Friday, November 24, 2006

Immersed in a Sort of Silence

Sure, I’d been told that graduate study would take me places I never imagined I’d go, but I had no idea that this would be happening in my first quarter.

In Nagy’s Oral Tradition course, we’ve been exploring the relationships between oral traditions (and by extension folklore) and literatures in print. Never content to pursue a conventional line, I tried to imagine "orality" from a New Media standpoint – and realized that the one literature I hadn’t seen enough of, and that could easily take advantage of New Media, would be sign language literature. Deaf literature. Deaf with a capital D, for the distinct cultural group that defines itself not by a loss of hearing, but by adopting sign language as its primary idiom. Here, "orality" is often associated with the pressures brought upon Deaf people to conform to the demands of hearing people, often through forced reliance on speechreading to the exclusion of sign. (Hence "orality" in quotes.)

Precisely because of the progress of the World Wide Web and broadband access, sign communication, both synchronous and archived, ought to easily move to this stage. So a generic web search for "Deaf folklore" ought to be fruitful, hm?

Not necessarily. I found a few assorted articles explaining Deaf culture (again). On YouTube - ostensibly the one place I should see lots of ASL vlogging - I found only one video that would definitely count as a performance of Deaf folklore, the majority otherwise appearing to be vlogs of newbie signers showing off their new vocabulary. (I remember those days. What a snot-nosed audist I was.)

This was a wake-up call. If the Web seems such an appropriate medium for sign language performance, as well as for collection and analysis of Deaf folklore, why isn’t it there? I brought this idea to Nagy, carefully arguing the case for Deaf culture and hence folklore, and he OK’d it with a few suggestions for sources. Great!, I thought to myself. If these sources pan out, they might lead me to the golden Deafie web site carefully hidden from the all-seeing eye of Google-bot; at the very least, they could help explain why I wasn’t finding anything.

One, two, six books later, I still got nothing. But sometimes, footnotes are a grad student’s best friend. Footnotes shoot like tendrils back toward their original referents, and each cord leads to a book, an article, a database, a person. I used these to slowly build a list of follow-up sources.

And then I remembered CSUN.

Cal State Northridge is home of the National Center on Deafness (NCOD), a place of legend that I had developed a deep anxiety about visiting. But they had sources that I could find nowhere else and could not get via Inter-Library Loan in time. I had a car, I had gas in the tank, and I had a day off to visit. Hence, I had no excuse.
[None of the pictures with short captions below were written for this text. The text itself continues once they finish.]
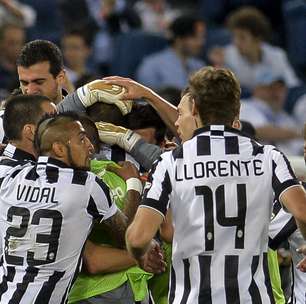 É campeã de novo! Juventus bate Lazio e leva Copa da Itália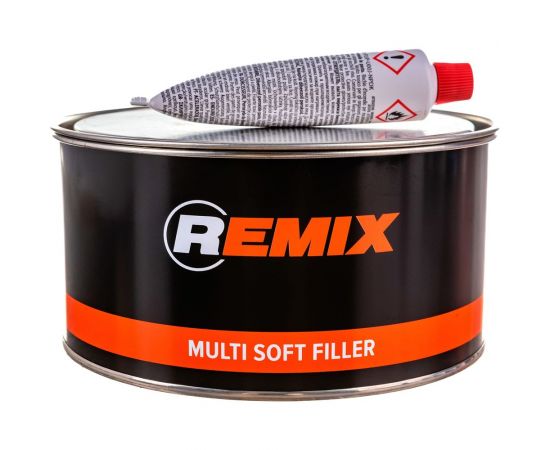 Полиэфирная универсальная шпатлевка REMIX 2К 1,8 кг RM-MSF-1800 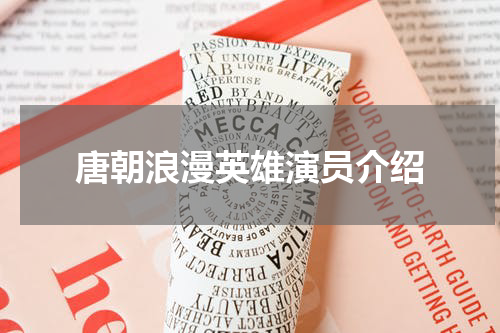 唐朝浪漫英雄演员介绍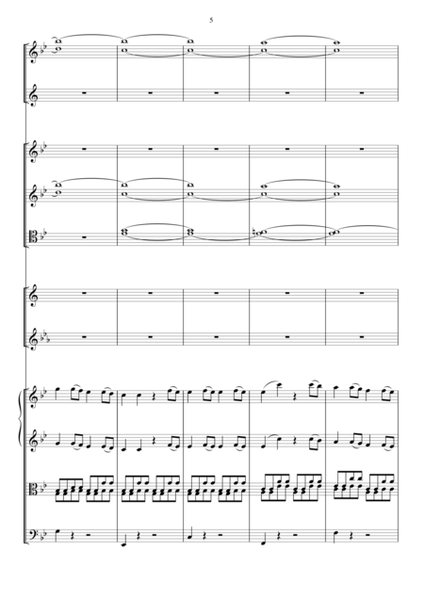 Sinfonía No 40 en Sol Menor K.550 (full score)  156pages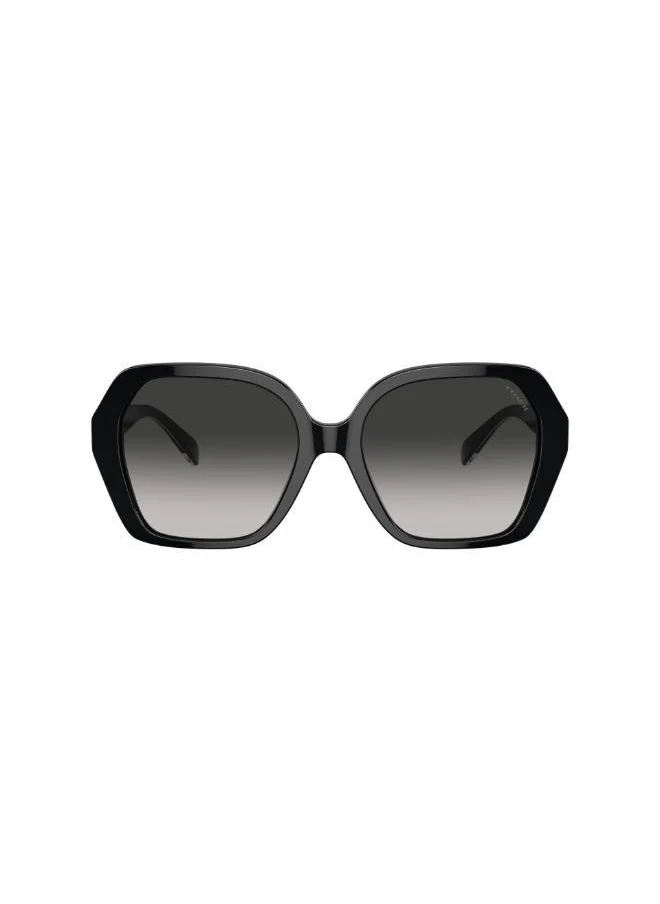 COACH Irregular Sunglasses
The Resource Center at NCOD – their library, basically – is quiet, like you would expect any library to be, but not really in the same way. From my observations, I think I was the only hearing person to visit that day. The silence I experienced was not a complete absence of sound – with Deaf people, there's the occasional vocalization, or the slap of an emphatic sign – but what struck me was that this silence was, how do I say it?, completely comfortable with itself. I could not sense any need on anyone’s part to "fill" this silence with sound; it was a fulfilled silence. And however rusty my own signing was (not practicing for ten or so years can do that), not once did I feel the desire to tear into this singular comfort with spoken words. (If only my computer had been as cooperative.)

The two librarians who covered the desk that day were great; in spite of my lack of any grammatical sense of ASL, and a deepening fear that my fingers were turning into bratwursts, they lead me in a beeline to the folklore-related items. And, after hours of watching Deaf videos and taking notes from Rutherford’s seminal work on Deaf folklore, they finally led me to the answer I needed (even if it wasn’t what I wanted): Deaf folklore is not big on the Internet because there isn’t as yet a critical mass of folkloristic research in print.

I had found an answer to the question, but a good scholar finds the question to the answer; that new question what I’m working on next. Knowing what I know of Deaf culture, the Internet, and cyberculture, I think I can look at the data anew and reconsider - in a contemplative quiet that, with a little effort, just might approximate the peace of that library. The work deserves no less.